Das Niger-Uran-Desaster ist diesem Drang zuzuschreiben, „Beweise“ zu finden. Der New Yorker deckte noch Weiteres auf. So habe das Pentagon einen irakischen Überläufer verhört, der beschrieb, wie Al-Qaida-Terroristen in Camps im Irak trainiert hätten und wie der Irak instruiert worden sei, chemische und biologische Waffen zu benutzen. Der Bericht, der von einem Vertrauten des Exilirakers Ahmed Chalabi übersetzt wurde, gelangte an die Times of London, die Medienzar Murdoch gehört. Als die CIA den Mann mit ihrem Übersetzer verhörte, beteuerte der, er habe das alles nie gesagt.

Nicht nur aus Patriotismus

Für John MacArthur, Verleger von Harper's Magazine, ist der „Zirkus“, den Fox und Murdoch inszenierten, nicht so schlimm wie das, was die seriöse Presse tue, vor allem die New York Times. So brachte deren Reporterin Judith Miller, die mit der Truppe im Irak war, einen Bericht, wonach ein irakischer Wissenschaftler dem Militär erzählt hatte, Saddam Hussein habe chemische und biologische Waffen vernichtet oder nach Syrien geschafft. Jedoch redete Miller nicht selbst mit dem Wissenschafter, sondern zitierte das Pentagon, das den Artikel sogar vor Drucklegung las. Die NYT korrigierte die Geschichte später, machte aber die Armee für die Fehlinformation verantwortlich. Inzwischen stellte sich heraus, dass Ahmed Chalabi Millers Hauptinformant war.
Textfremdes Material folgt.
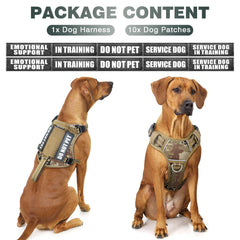 WINSEE tactical dog harness back view highlighting adjustable fit and sturdy handle.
Michael Wolff, Medienredakteur des New York Magazine, vermutet, dass es nicht nur Patriotismus war, was die Medien an die Seite von Bush getrieben hat. Parallel zum Golfkrieg gab es Verhandlungen zwischen der staatlichen Federal Communications Commission (FCC) und den Medienkonzernen um eine Neuordnung der Kartellgesetze – zugunsten der Konzerne, insbesondere der großen Zeitungsverlage. Die FCC hat nun praktisch allen Forderungen der Medienindustrie stattgegeben.